平成30年度春期午後のアルゴリズム問題である問8の私の解き方・考え方について解説していきます。
問題
IPAの公式サイトで公開されています。このページでは問8についての解説を行います。
https://www.jitec.ipa.go.jp/1_04hanni_sukiru/mondai_kaitou_2018h30_1/2018h30h_fe_pm_qs.pdf
設問1
まずは問題を読んで重要なポイントを整理していきましょう。
- データを昇順に整列することが目的のアルゴリズム
- 整列はヒープの性質を利用して行う
- 親は1つもしくは2つの子を持ち、親は子よりも値が大きい
- 親を持たない節は根であり、根は最大の値を持つ
- 各節の値は配列heapに格納される
- heap[0]が根
- heap[i]の子はheap[2 * i + 1]とheap[2 * i + 2]
- lchild(), rchild(), parent()により、引数で指定した要素番号に対する子や親の要素番号が取得可能
- swap()は第二引数と第三引数で指定した要素番号の節の値を入れ替える
この辺りが頭に入ってくると解ける問題だと思います。
[プログラム1]設問1はプログラム中の[ a ]と[ b ]に入る答えを選べ、というものです。

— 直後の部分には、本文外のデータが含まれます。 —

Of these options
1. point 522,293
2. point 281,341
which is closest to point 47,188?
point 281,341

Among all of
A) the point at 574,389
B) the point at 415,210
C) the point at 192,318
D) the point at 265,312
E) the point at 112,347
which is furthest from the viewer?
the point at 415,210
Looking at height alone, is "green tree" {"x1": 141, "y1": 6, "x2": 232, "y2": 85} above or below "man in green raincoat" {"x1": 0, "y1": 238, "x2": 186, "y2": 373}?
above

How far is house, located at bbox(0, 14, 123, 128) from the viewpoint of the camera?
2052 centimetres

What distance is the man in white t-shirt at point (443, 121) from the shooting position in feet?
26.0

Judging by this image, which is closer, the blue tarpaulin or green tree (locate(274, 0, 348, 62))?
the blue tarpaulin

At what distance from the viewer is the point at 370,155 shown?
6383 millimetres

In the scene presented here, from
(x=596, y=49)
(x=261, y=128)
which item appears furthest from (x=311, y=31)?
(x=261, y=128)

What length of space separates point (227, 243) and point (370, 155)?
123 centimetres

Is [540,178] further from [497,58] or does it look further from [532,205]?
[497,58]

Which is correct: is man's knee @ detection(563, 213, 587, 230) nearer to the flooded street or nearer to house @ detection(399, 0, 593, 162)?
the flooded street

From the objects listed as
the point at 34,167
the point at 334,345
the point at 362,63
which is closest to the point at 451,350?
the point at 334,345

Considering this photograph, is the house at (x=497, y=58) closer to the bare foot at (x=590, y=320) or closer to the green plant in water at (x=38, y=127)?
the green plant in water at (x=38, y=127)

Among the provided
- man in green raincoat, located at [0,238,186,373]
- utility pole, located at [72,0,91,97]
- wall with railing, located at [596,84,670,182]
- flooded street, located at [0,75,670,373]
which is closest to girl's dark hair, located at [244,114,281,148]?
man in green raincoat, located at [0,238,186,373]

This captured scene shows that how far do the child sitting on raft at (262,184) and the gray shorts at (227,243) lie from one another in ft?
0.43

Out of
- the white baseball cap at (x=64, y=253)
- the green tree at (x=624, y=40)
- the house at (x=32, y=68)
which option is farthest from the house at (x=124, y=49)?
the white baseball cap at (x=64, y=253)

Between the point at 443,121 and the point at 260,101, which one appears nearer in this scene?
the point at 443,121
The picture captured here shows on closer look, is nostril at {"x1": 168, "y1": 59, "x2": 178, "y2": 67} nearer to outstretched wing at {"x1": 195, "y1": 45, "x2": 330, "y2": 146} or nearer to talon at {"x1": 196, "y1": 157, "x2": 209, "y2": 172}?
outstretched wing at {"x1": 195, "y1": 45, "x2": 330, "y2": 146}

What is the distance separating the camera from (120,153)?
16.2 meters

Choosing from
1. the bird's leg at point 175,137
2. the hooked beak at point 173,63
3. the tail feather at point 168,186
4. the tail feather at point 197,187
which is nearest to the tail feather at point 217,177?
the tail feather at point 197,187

[ a ]の選択肢ア. heap[k] > heap[lchild(k)]
イ. heap[k] > heap[parent(k)]
ウ. heap[k] > heap[rchild(k)]
エ. heap[k] < heap[lchild(k)]
オ. heap[k] < heap[parent(k)]
カ. heap[k] < heap[rchild(k)]
[ b ]の選択肢
ア. heap[hnum – 1]
イ. heap[k]
ウ. parent(hunum – 1)
エ. parent(k)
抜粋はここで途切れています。